Share this

Yesterday, we wrote about the enormous pressure being put on India and China to agree to a deal at the WTO. Today, let's get into some of the details of what this fight is really about.

Exporters such as the U.S., Australia, Thailand and Uruguay want to sell their agricultural commodities abroad. But the targeted importers, countries like China and India, worry about the disruption that uncontrolled agricultural imports will bring to their millions of farmers, the overwhelming majority of whom are among the poorest people in these already poor countries. They want to open their markets, but less, and not to all products. Many have learned from experience that the damage done by agriculture dumping cannot be undone by the post-facto imposition of some kind of corrective - especially if that corrective has to wait several years for a WTO trade dispute panel to meet, deliberate and judge, and then for the country at fault to change its laws (with the strong risk the party at fault will ignore the ruling, as both the U.S. and EU have done in some cases).

At its heart, this fight is about protection: countries like India and China (but with the solid support of close to 100 other of the 150 or so WTO members) insist they need a higher level of tariff protection than countries like the U.S. and members of the European Union think they should have. In return - make no mistake about this - the U.S. and EU are fighting to protect their own interests (they spend money on protection in the form of support to industries, rather than using taxes such as tariffs, but it is all about protecting interests).

A main point of contention concerns something called the Special Safeguard Mechanism, or SSM. The idea behind the SSM is not new. The Uruguay Round Agreement on Agriculture included a so-called Special Safeguard (SSG). The mechanism was created to give further protection to countries that converted non-tariff barriers (such as restrictions on the quantity of a good that could be imported) into tariffs (which were often extremely high). About 30 developing and most developed countries had the right to use the SSG.

When the Doha negotiations were launched in 2001, a group of countries (at that time led by Pakistan) explored with a group of NGOs (including IATP) the idea of a "development box" for agriculture. The notion was to protect food security and rural livelihoods from the commercial fight over market share. In addition, the Doha negotiations were called (once upon a time) a Development Round because they were supposed to include an agenda of some 100 or more items that surfaced as the Uruguay Round (UR) was implemented and that developing countries wanted addressed before undertaking any new commitments in Doha. It never happened, and this latest text continues to ensure that it will not happen, at least not in this round.

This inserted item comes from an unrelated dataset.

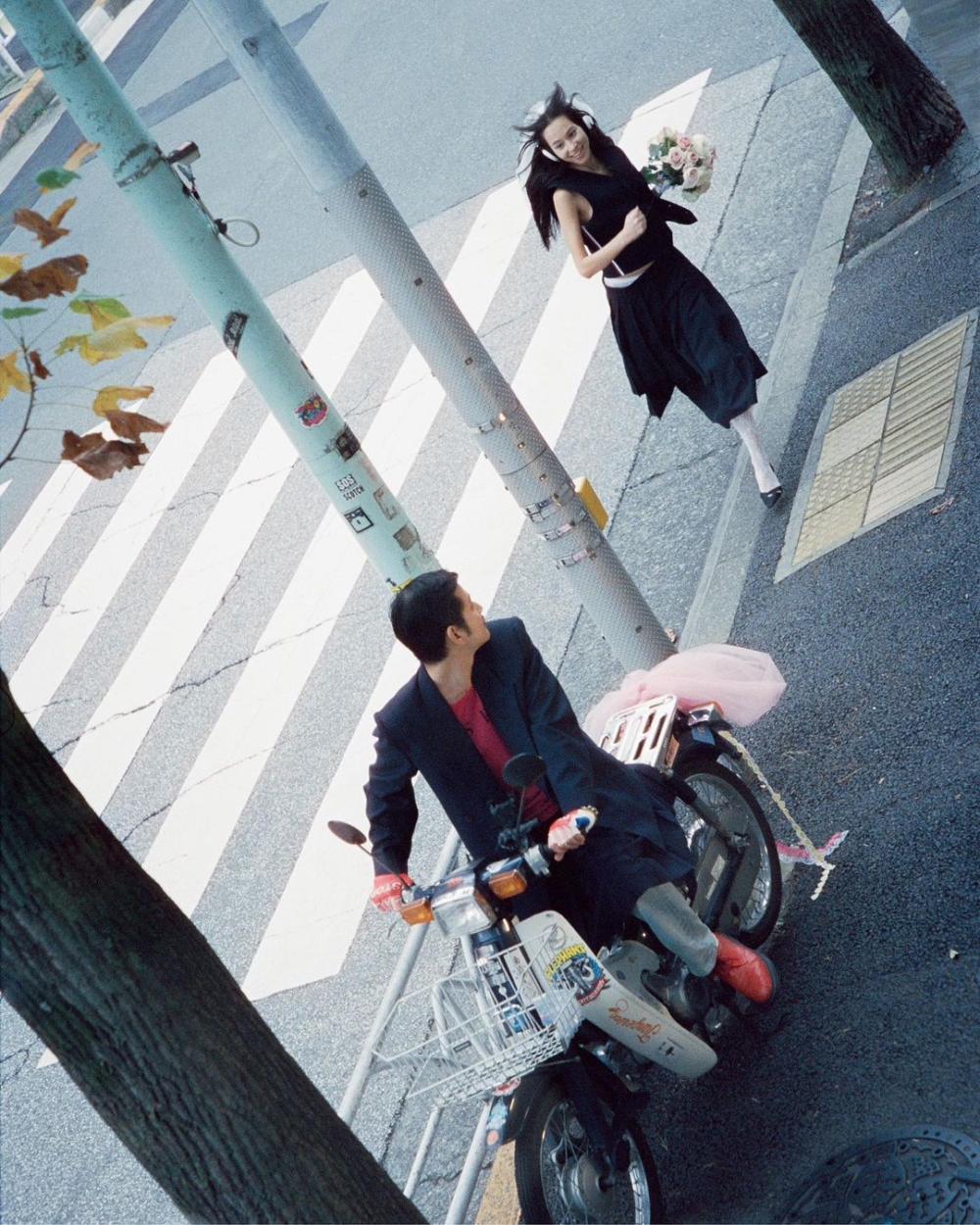 造型與水原希子率真獨特的個性迸發出無限火花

Fast forward to today and you have the G33, a group of developing countries, fighting for two particular measures (see IATP's Agreement on Agriculture glossary for more details):

1. Special Products (SPs): a list of agricultural products that would be subject to their own, milder, tariff reductions or exempt altogether because of their importance to livelihoods and/or food security.

2. The Special Safeguard Mechanism (SSM): the right to increase tariffs sharply to curb an import surge, to protect a domestic industry from short-term swings in global markets.

On Monday, day eight of the latest attempt to agree to modalities for Doha: the whole day was taken up with fighting over the the terms for the SSM, and when governments broke for the night (at 2.30 am or so), they were still in disagreement. The disagreement is over rules proposed in text by DG Lamy on July 25 for when an SSM measure could be used. The text has been widely criticized (see for instance issue 4 of the on-going commentary from the South Centre). A lot of background is also available on this issue - a recent paper by TWN is a good place to start.

In the end, the fight is really about everyone trying to simultaneously protect and aggress (India is after new export markets like everybody else at the WTO), a process known as mercantalism. Deeply out of favour with theorists, it is nonetheless the driving force behind much of the trade policy codified in international trade agreements.

Mercantalism makes for ugly negotiations. Not much room to discuss the right-to-food, or decent work or climate change. Anyone else ready for a new way to do business?